Zomato announced its January-March quarter results for fiscal 2024-25 (Q4FY25) on Thursday, May 1, and informed it’s shareholders that the leading food delivery giant will shut down it’s 15-minute food delivery service ‘Quick’ and Zomato Everyday. Zomato ‘Quick’ was launched just four months ago.
Responding to a question on Zomato ‘Quick’ and Zomato Everyday services, Zomato chief executive officer (CEO) Deepinder Goyal said in a letter to shareholders today, “We are actually shutting down both these initiatives as we are not seeing the path to profitability in these without compromising on customer experience. The current restaurant density and kitchen infrastructure is not set up for delivering orders in 10 minutes which leads to inconsistent customer experience.”

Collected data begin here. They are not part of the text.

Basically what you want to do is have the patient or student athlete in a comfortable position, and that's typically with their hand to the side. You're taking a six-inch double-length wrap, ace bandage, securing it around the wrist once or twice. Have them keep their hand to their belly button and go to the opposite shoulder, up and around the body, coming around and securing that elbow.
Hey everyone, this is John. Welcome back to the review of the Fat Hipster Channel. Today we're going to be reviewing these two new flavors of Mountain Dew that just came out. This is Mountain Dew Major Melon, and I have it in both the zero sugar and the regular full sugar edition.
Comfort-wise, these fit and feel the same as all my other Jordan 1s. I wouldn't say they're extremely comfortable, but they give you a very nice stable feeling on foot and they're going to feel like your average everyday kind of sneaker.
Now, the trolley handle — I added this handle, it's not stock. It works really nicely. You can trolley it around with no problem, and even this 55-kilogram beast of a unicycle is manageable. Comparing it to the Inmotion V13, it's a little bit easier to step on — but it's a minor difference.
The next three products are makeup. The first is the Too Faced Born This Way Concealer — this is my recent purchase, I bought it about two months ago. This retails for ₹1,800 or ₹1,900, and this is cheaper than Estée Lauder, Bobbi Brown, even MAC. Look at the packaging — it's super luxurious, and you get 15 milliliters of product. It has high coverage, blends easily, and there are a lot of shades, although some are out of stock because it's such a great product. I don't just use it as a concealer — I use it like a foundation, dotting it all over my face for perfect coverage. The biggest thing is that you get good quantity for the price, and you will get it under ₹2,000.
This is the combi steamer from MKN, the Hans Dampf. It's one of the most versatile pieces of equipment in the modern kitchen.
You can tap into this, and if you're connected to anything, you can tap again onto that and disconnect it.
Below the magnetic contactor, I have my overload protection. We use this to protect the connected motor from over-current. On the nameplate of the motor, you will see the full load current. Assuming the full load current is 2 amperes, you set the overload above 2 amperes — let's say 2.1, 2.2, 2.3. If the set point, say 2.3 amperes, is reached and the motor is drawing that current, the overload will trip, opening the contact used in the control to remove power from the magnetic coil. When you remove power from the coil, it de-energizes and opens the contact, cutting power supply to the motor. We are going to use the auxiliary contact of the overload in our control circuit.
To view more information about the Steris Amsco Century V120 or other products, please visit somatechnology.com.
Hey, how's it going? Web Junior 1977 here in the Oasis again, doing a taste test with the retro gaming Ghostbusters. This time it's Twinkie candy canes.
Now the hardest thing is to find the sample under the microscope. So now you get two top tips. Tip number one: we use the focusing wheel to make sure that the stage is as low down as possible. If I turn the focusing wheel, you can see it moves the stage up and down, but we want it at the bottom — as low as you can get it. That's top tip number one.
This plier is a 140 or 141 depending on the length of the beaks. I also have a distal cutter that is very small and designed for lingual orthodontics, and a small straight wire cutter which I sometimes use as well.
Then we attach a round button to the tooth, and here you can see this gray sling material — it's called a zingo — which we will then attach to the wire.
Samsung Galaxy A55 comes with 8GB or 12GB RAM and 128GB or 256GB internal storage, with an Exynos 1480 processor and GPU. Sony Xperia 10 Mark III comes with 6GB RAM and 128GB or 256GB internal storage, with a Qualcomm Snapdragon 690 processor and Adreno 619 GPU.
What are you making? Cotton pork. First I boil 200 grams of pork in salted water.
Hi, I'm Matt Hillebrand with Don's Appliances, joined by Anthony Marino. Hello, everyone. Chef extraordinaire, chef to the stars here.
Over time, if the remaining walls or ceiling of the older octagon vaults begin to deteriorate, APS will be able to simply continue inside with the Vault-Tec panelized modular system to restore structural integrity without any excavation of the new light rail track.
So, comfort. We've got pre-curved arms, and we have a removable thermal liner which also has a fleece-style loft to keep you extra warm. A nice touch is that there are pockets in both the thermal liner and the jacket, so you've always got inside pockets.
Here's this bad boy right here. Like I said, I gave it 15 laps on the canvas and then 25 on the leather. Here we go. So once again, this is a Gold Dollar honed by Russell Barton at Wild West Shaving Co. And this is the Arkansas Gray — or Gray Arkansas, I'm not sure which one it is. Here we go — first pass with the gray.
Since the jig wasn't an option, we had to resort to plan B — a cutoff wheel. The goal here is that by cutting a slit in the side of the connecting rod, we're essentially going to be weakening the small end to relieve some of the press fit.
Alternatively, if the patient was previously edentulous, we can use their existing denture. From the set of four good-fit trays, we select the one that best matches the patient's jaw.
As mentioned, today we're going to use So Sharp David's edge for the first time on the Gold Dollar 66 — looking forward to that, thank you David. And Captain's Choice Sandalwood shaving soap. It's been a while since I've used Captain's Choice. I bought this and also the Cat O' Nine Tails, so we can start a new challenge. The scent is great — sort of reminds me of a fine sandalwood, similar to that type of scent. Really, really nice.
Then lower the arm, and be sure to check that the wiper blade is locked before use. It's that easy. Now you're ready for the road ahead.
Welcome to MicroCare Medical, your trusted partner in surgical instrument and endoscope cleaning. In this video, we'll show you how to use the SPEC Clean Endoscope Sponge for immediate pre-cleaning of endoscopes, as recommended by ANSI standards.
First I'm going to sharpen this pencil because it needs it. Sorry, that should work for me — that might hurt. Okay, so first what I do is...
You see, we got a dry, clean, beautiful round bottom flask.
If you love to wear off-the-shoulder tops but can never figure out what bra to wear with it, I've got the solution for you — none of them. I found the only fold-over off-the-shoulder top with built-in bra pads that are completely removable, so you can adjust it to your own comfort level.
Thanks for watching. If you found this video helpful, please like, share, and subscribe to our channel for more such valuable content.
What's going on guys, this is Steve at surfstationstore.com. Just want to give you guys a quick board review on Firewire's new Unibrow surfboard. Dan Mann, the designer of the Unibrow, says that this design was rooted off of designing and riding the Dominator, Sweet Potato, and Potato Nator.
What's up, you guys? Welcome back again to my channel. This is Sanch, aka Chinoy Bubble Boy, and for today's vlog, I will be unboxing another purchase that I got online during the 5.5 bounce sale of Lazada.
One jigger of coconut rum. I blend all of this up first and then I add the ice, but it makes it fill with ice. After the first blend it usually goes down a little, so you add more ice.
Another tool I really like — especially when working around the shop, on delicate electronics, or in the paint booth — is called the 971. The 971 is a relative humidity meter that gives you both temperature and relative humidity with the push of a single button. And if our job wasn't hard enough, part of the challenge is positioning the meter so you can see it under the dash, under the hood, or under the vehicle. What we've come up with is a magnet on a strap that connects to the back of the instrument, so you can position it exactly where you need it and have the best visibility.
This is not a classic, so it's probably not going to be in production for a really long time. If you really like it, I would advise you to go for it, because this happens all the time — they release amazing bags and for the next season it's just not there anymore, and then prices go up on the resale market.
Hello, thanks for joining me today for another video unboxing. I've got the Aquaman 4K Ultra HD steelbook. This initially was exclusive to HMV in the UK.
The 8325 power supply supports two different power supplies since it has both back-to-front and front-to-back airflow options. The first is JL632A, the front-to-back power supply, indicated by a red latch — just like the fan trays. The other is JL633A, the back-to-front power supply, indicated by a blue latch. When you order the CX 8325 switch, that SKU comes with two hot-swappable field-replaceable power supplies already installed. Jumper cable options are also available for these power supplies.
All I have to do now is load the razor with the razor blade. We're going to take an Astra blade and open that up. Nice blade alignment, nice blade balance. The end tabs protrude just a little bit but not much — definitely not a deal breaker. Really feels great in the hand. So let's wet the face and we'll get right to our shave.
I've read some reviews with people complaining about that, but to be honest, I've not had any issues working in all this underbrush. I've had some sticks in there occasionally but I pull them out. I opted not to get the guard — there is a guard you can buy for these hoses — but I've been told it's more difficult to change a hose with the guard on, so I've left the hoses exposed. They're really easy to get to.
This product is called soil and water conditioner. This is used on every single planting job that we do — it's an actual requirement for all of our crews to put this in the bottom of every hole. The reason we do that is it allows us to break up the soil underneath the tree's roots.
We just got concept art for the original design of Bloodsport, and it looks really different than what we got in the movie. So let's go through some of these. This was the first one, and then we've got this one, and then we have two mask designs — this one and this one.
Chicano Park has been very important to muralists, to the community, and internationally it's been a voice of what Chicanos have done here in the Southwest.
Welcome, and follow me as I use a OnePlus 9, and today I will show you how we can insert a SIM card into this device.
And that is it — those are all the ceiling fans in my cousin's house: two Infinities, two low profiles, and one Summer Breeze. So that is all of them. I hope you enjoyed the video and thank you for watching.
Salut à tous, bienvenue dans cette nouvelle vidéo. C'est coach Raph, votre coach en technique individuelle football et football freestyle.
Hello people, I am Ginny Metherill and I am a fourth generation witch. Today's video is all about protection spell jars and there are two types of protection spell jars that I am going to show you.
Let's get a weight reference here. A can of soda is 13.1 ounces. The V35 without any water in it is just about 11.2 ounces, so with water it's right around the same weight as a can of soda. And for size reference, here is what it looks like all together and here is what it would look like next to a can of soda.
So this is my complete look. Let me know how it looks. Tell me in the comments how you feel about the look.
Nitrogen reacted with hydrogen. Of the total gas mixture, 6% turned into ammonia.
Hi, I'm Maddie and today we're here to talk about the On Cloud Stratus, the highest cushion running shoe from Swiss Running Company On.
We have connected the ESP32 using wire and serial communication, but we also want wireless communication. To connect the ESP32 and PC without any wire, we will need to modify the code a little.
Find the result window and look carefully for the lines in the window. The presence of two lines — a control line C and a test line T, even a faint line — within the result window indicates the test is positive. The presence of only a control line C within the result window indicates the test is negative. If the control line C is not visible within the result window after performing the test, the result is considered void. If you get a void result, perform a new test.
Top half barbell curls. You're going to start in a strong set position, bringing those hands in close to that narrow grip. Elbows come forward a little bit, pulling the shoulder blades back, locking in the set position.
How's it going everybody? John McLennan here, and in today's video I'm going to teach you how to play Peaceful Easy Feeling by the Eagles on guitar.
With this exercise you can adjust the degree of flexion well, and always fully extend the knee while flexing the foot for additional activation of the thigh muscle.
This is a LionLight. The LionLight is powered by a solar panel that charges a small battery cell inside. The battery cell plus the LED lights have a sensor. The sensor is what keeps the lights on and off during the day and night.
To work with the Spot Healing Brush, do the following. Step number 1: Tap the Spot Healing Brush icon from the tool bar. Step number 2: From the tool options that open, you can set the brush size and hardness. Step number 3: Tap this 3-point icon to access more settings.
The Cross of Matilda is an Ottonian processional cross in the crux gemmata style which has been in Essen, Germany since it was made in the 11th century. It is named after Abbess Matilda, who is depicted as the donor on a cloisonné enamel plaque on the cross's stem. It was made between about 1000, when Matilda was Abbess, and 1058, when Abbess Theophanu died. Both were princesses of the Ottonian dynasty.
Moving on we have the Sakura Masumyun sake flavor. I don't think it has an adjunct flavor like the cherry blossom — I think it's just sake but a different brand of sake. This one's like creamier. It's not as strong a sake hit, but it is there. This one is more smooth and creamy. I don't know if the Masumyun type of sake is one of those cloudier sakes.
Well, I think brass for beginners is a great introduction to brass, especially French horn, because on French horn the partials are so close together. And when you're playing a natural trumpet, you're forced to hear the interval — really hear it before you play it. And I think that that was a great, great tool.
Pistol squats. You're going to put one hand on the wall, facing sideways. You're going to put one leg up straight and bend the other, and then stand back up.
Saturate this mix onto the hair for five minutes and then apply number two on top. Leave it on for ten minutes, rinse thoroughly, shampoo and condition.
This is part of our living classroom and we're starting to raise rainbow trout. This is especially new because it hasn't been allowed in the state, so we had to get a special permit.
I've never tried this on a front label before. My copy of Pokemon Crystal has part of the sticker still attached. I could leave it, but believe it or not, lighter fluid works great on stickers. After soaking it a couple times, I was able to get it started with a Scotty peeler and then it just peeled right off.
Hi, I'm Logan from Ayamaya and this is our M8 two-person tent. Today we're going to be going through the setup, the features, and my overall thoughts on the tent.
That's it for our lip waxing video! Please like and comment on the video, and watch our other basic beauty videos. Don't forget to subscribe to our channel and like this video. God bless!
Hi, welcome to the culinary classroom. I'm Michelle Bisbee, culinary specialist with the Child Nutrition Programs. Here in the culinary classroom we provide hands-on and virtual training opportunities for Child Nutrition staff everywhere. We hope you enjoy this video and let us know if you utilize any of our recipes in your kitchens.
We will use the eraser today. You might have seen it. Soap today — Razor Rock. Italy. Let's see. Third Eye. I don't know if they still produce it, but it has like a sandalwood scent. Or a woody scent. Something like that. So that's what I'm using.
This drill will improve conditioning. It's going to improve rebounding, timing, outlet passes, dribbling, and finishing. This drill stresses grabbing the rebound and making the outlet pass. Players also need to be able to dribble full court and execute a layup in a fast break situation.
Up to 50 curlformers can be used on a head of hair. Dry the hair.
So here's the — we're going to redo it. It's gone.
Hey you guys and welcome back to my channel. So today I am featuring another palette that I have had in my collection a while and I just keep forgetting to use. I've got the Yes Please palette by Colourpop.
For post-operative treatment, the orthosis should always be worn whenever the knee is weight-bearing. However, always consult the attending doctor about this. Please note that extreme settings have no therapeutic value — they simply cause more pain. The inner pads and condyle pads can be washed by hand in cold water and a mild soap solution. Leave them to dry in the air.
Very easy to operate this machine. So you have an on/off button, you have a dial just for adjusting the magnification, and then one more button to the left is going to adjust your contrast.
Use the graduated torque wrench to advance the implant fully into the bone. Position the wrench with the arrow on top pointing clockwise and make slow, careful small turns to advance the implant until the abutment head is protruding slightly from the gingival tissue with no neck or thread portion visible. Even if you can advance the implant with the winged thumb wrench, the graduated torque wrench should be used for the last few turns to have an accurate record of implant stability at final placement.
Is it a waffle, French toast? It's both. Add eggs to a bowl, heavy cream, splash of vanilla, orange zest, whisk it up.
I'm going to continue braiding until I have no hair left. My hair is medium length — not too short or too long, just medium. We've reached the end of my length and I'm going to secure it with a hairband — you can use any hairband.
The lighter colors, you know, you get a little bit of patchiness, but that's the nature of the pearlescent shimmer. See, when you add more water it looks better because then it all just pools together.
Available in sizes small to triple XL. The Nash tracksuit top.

Zomato ‘Quick’, ‘Everyday’ shuts down
As a result, Zomato did not see any incrementality in demand while it ran Quick as an experiment for a few months. With Everyday, the food delivery giant realized that the need for homely-meals is a limited use case largely for oce locations in metros. ‘We did not see enough ROI by keeping it running at a small scale,” confirmed Zomato CEO Deepinder Goyal.
Zomato Everyday was a quick food delivery option that appeared on Zomato’s explore page on the app, offering ready-to-eat, homely meals from select restaurants located within a two-kilometre radius. The option, however, is no longer visible.
This was Zomato’s second attempt to crack the quick food delivery market. Its earlier service– Zomato Instant, launched in 2022 – promised 10-minute deliveries in Bengaluru and Delhi-NCR but was shut down by January 2023.
Eternal, which owns the Zomato and Blinkit brands, on Thursday reported a consolidated net profit of ₹39 crore for the fourth quarter ended March 31, 2025.
The company, which rebranded itself as Eternal in March, had posted a net profit of ₹175 crore in the year-ago period.
The company in a regulatory filing said that the results for the quarter and year ended March 31, 2025, along with the December-end quarter, are not comparable with other periods.
The Deepinder Goyal-led firm’s revenue from operations in the January-March quarter was at ₹5,833 crore. In the year-ago period it stood at ₹3,562 crore, the filing showed.
However, during the quarter under review, Eternal’s total expenses stood at ₹6,104 crore.
Eternal witnessed a widening of losses in the quick commerce business Blinkit, the regulatory filing showed.
The revenue reporting segments for the Group include India food ordering and delivery; Hyperpure supplies (B2B business); Blinkit (quick commerce); District (dining out and restaurant; and all other segments (residual).